Eyes Wide Open. A Self-portrait in an Interior
When I first saw Aleksandra Waliszewska’s self-portraits eight years ago, her early student work, painted on tattered pieces of cardboard, it felt like blowing dust off a buried treasure. Like an archeologist at Fayum, I was sweeping the sand aside to dig up the portraits.
The secret mystery play unfolding in those modest pictures spoke with enormous power. Every sketch was a testimony to a steady hand and a hypersensitive imagination. As I browsed one cardboard sheet after another, more and more of Aleksandra’s self-images opened up before me.
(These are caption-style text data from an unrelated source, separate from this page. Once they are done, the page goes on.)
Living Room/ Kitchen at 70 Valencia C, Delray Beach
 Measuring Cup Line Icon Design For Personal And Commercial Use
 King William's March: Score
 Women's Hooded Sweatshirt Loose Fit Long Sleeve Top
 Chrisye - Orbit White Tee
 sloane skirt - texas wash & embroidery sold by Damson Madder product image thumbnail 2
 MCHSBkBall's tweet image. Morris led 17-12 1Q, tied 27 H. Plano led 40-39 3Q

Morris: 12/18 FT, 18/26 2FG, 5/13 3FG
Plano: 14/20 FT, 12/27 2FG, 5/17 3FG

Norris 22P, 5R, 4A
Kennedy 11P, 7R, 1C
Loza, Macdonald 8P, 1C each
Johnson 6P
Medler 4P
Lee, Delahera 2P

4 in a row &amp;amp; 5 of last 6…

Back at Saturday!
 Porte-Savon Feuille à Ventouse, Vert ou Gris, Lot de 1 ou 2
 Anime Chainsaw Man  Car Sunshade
In Waliszewska’s later work, the scene had expanded. Her figure can still be glimpsed. But numerous new figures had appeared, as if celebrants to some ancient rites. Does the painter reenact her dreams? We do identify pieces of reality in these pictures: the yard outside the house, the interior of her study, sometimes a familiar face. But there are many clues suggesting that under this – somewhat claustrophobic – crust of every day life, a dark abyss of “metaphysics” opens.
There is surprisingly much cruelty, pain and indifference here. And Jola being such a nice person! Yet the paintings tempt us with a the taste of forbidden fruit, with a promise of an initiation.
Sometimes, you only need to step over a person’s threshold to be plunged in their dark secrets. Other times, a glance at a painting is enough.